▸ TASK INPUTS
• • • • • • •

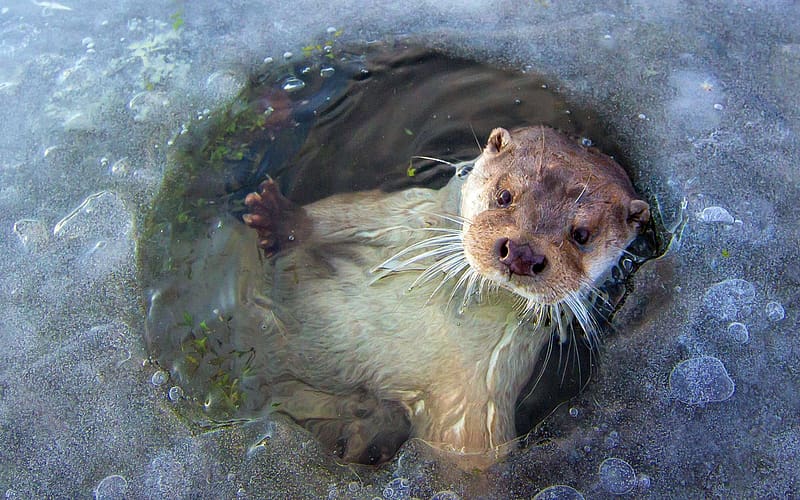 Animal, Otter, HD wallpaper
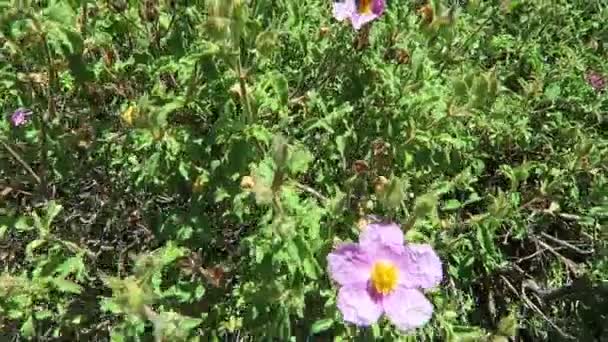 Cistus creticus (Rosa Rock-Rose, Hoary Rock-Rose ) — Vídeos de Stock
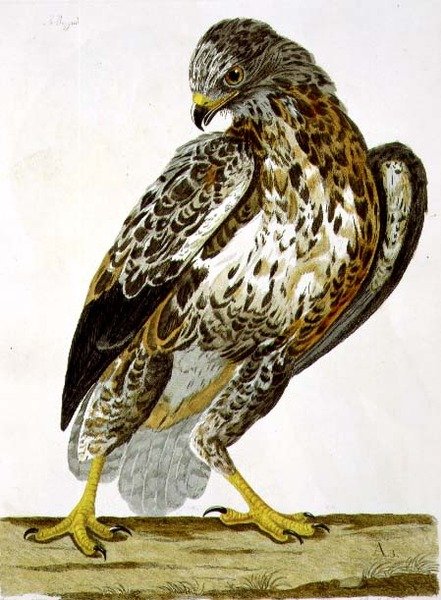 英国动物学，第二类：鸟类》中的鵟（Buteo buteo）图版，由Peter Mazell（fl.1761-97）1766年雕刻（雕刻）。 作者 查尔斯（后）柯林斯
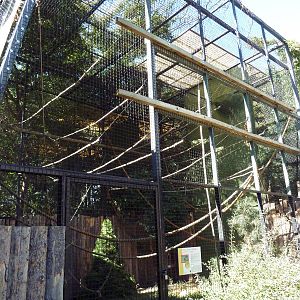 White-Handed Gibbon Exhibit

• • • • • • •

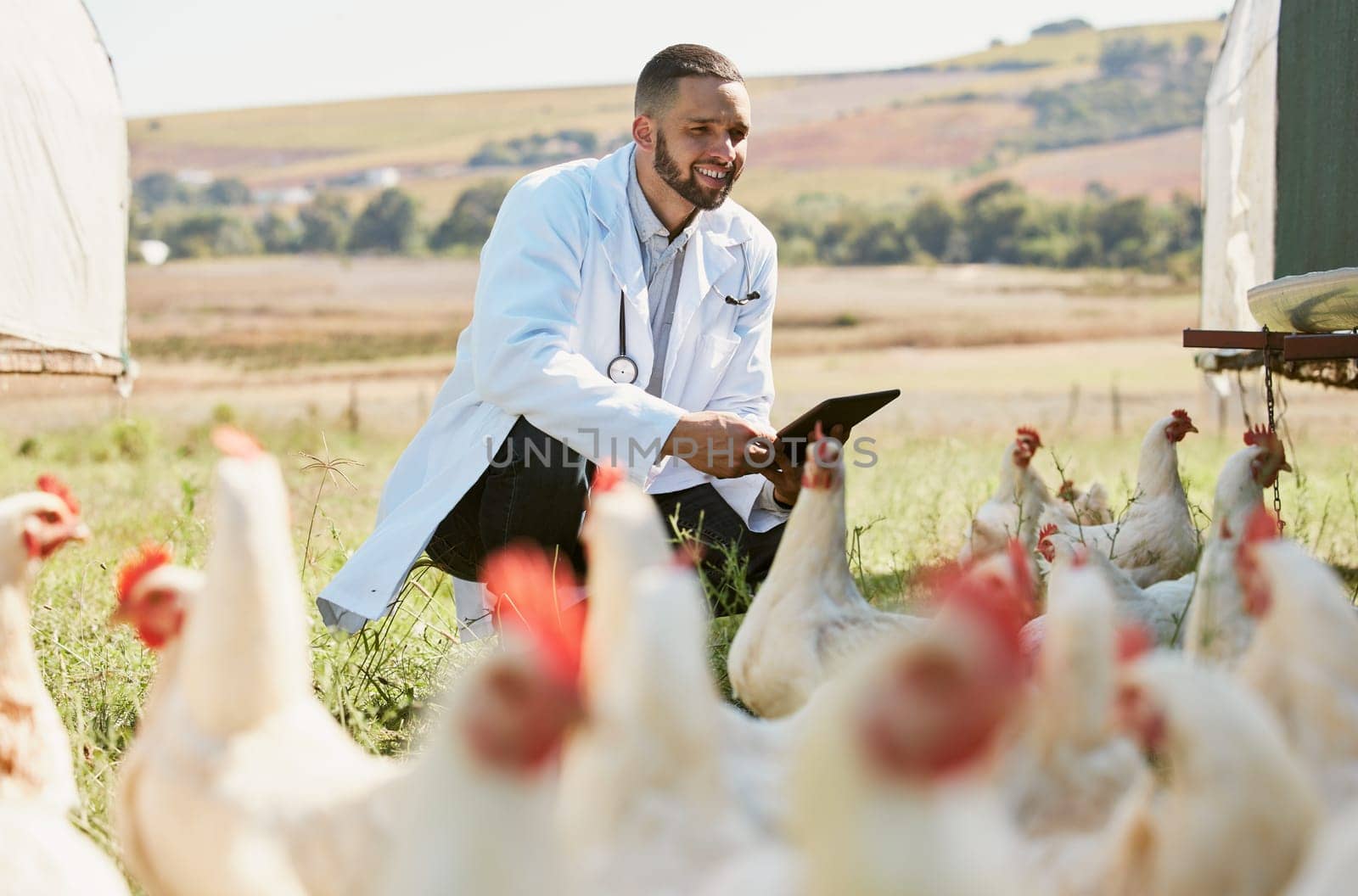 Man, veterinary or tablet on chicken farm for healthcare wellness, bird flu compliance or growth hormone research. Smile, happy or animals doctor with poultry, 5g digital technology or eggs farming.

• • • • • • •

▸ DESCRIPTION OF THE TASK
In the entries above, find the line with "Animal, Otter, HD wallpaper" and the line with "White-Handed Gibbon Exhibit". Return exactly those lines and all the ones between them, pictures excluded.

▸ RESULT OF THE EXERCISE
 Animal, Otter, HD wallpaper
 Cistus creticus (Rosa Rock-Rose, Hoary Rock-Rose ) — Vídeos de Stock
 英国动物学，第二类：鸟类》中的鵟（Buteo buteo）图版，由Peter Mazell（fl.1761-97）1766年雕刻（雕刻）。 作者 查尔斯（后）柯林斯
 White-Handed Gibbon Exhibit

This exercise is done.